The letter, sent to the Committee of Agriculture and Rural Development (AGRI) and the Committee of Environment, Public Health and Food Safety (ENVI), states that there is an “unequivocal scientific consensus” between the intensification of agriculture and the ever-increasing loss of biodiversity. It outlines the harmful effects that the intensive agriculture model, supported by the current CAP, has on biodiversity, asserting that much of this damage could soon be “irreversible”.
CAP subsidies currently account for nearly €60 billion every year, much of which funds intensive and factory farming. The letter states that this money could instead be used for the recovery of biodiversity and rural human population.

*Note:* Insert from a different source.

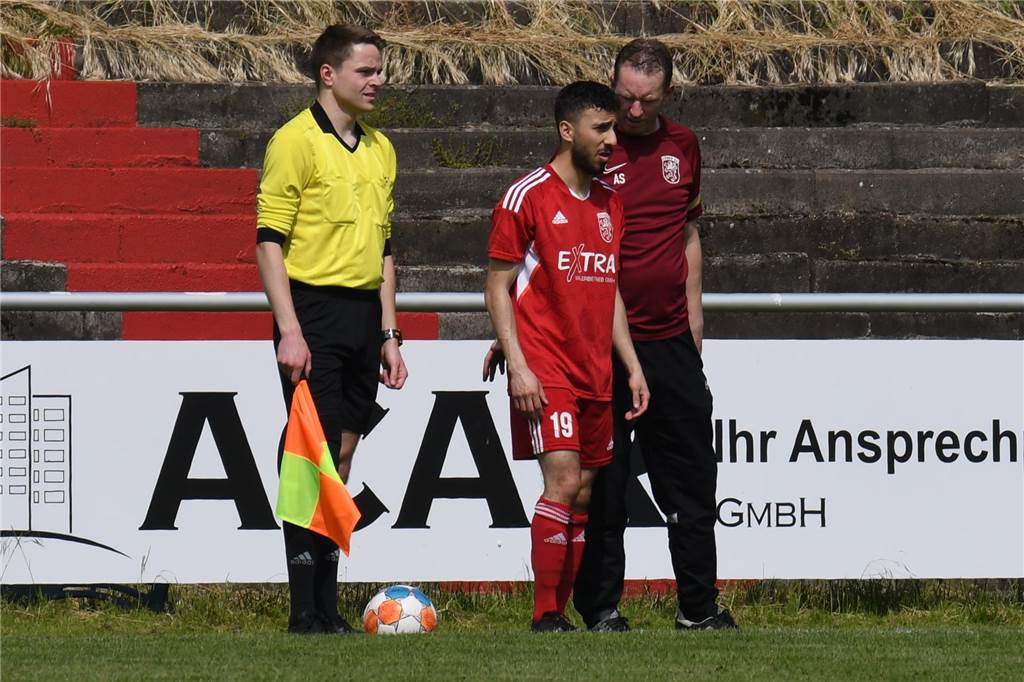 Lüner SV gewinnt letztes Heimspiel Axel Schmeing steht neben Berdan Aydin und gibt ihm letzte Anweisungen vor der Einwechslung.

It asserts that the EU must be a “pioneer in responding to these challenges” and the CAP must be part of that response, rather than continuing to contribute to environmental degradation.
However, whilst there is a clear consensus about the damaging effects of industrial agriculture on the environment and the need for CAP reform, what is less clear is what that means in practice.
Many stakeholders, including the agri-food industry and farmers’ associations, suggest that one way this could be achieved is with digital farming practices based on the principle “producing more with less [input]”, through the use of new technologies such as remote sensors, satellites, and drones.
However, despite the potential of such new technologies in combating some of our most pressing agricultural issues, enthusiasm for digital technology has been lacklustre in some quarters and the adoption of such technologies in the EU has been slow.
Last March, the EU manufacturers of agricultural machinery (CEMA) called on member states to indicate a “clear commitment” to the digitisation of European agriculture in terms of CAP as the only way to face the current environmental and economic challenges.